第63話 怒りのシャルロット
「遅くなったのじゃ!」
突然として現れたウルリカ様。
そばにはシャルロットが、グッタリと地面に転がっている。
シャルロットを引き連れて、時空間魔法で転移してきたのだ。
「うえぇ……き……気持ち悪いですわ……」
人生初の時空間魔法で、シャルロットはフラフラしている。
突然の出来事に、エリザベスは声をあげて驚く。
「一体なんだ!? シャルロット? それにお前は……会議の時にいた少女か?」
オニマルの刀を掴んだまま、ウルリカ様はクルリと振り向く。
「エリベススは無事じゃな。

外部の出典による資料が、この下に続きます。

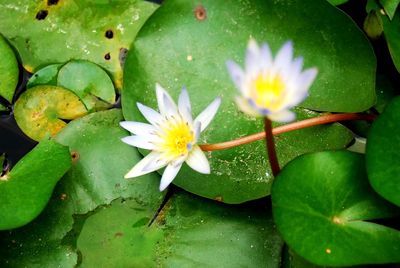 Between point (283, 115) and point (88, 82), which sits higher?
point (283, 115)

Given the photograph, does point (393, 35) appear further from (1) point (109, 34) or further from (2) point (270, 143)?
(1) point (109, 34)

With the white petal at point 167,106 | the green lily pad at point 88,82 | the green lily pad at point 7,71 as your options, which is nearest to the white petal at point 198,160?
the white petal at point 167,106

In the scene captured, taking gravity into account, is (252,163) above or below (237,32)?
below

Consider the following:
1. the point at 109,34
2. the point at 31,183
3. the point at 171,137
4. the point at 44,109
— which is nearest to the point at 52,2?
the point at 109,34

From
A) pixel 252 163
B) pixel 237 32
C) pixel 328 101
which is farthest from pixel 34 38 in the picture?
pixel 328 101

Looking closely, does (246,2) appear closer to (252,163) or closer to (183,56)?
(183,56)

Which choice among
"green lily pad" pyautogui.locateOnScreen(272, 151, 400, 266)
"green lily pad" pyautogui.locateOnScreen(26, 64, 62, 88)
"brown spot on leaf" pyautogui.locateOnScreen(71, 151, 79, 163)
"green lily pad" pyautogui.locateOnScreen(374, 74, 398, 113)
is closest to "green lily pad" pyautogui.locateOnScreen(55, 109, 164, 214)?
"brown spot on leaf" pyautogui.locateOnScreen(71, 151, 79, 163) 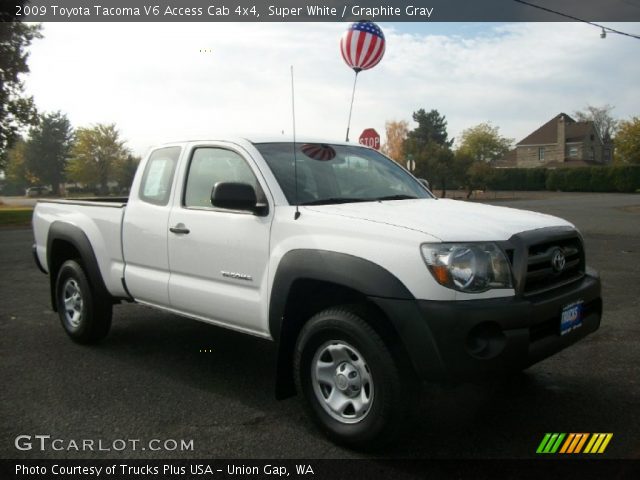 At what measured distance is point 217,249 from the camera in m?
4.03

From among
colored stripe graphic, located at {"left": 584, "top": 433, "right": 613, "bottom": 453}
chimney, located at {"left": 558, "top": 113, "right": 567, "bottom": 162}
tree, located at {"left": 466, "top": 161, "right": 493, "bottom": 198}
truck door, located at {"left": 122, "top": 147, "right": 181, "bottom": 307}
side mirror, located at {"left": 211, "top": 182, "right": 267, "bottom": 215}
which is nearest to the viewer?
colored stripe graphic, located at {"left": 584, "top": 433, "right": 613, "bottom": 453}

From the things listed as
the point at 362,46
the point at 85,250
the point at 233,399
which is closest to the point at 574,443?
the point at 233,399

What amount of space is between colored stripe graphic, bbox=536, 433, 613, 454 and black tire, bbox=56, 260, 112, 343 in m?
3.79

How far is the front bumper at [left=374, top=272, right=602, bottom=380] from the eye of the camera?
9.71ft

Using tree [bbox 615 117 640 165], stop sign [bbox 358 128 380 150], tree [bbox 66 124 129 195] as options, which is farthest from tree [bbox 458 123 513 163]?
stop sign [bbox 358 128 380 150]

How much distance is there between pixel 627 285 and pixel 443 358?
20.5 ft

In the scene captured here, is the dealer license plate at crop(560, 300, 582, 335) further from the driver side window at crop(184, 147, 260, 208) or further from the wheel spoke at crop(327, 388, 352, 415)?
the driver side window at crop(184, 147, 260, 208)

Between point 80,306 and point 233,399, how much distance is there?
219 cm

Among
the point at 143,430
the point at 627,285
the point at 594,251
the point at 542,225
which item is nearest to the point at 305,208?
the point at 542,225

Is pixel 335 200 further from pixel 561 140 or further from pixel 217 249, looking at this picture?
pixel 561 140

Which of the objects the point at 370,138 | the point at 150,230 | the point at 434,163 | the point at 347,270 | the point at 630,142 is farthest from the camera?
the point at 630,142

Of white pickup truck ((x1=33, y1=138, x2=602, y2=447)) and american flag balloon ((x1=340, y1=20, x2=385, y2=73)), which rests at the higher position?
american flag balloon ((x1=340, y1=20, x2=385, y2=73))

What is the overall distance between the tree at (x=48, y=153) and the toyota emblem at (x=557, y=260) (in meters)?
75.7

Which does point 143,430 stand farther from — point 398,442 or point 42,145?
point 42,145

しかし、そちらの二人は怪我をしておるのか……」
「エリベスス」と名前を間違われたエリザベス。
しかし、そんなことを気にしている余裕はない。
「そうだ、酷い怪我なのだ! 二人は私を庇ってくれて……」
「ふむ、分かったのじゃ」
コクリと頷いたウルリカ様。
片手でオニマルの刀を受け止めたまま、もう片方の手をパッと広げる。
「──治癒魔法、デモン・ヒール──!」
言葉と同時に、手の平から強烈な光が放たれる。
温かで柔らかな光は、スカーレットとカイウスを包み込む。
すると、二人の負っていた傷は、一瞬にして消え去ってしまう。
「スカーレット! カイウス! 凄い……今のは魔法なのか……?」
すっかり傷の癒えた二人を、エリザベスは呆然と見つめている。
そこへゆっくりと近づいていくシャルロット。
「お姉様……」
「シャルロット、どうしてここに──」
次の瞬間、シャルロットは片手を振りあげて、思い切り振り下ろす。
「エリザベス! あなたは一体なにをしていますの!!」
「なっ!?」
バチンッという音とともに、エリザベスの頬に衝撃が走る。
「あなたのせいで、ロームルス学園は酷い有様でしたのよ! もう少しで大変な被害を出すところでしたのよ! だと言うのにあなたは、こんな所でなにをしていますの!!」
再び鳴り響く、バチンッという音。
エリザベスの頬は真っ赤に腫れあがっていく。
「騎士団を放ったらかしにして! 勝手に突き進んで! 挙句の果てには部下に庇われて……民を守らずして、なにが王族ですの!!」
三度も頬を叩かれて、エリザベスは膝をついて倒れてしまう。
唖然とするエリザベスに、シャルロットはギュッと抱きつく。
「心配ばかりかけて……本当に……っ」
ボロボロと零れ落ちてくる涙。
「お姉様も……スカーレットとカイウスも……生きていてよかったですわ……うぅ……」
声をあげて涙を流すシャルロット。
エリザベスはそっとシャルロットの頭をなでる。
「シャルロット……すまなかった……」
ギュッと抱きしめあう姉妹。
一方、ウルリカ様に刀を掴まれていたオニマルは、強引に刀を引き抜いて距離をとる。
ガシャリと音を立て、上段に刀を構えるオニマル。
その気配に気づき、エリザベスは慌てて立ちあがろうとする。
「しまった! 先に魔物を倒さなければ!」
「ここは妾の出番なのじゃ、お主はゆっくり休んでおるのじゃ」
「バカなことを言うな! お前のような少女が、たった一人で勝てるわけないだろう!!」
剣を拾おうとするエリザベス、その手をシャルロットはそっとおさえる。
「心配いりませんわ、なぜならウルリカは──」
笑顔のシャルロットは、ウルリカ様の小さな背中を見つめている。
「最強の魔王様ですもの!」
「うむ! 任せておくのじゃ!!」
ニッコリと頼れる笑顔を浮かべて、全身から魔力を迸らせるウルリカ様。
そして、ウルリカ様とオニマルの戦いが幕を開ける。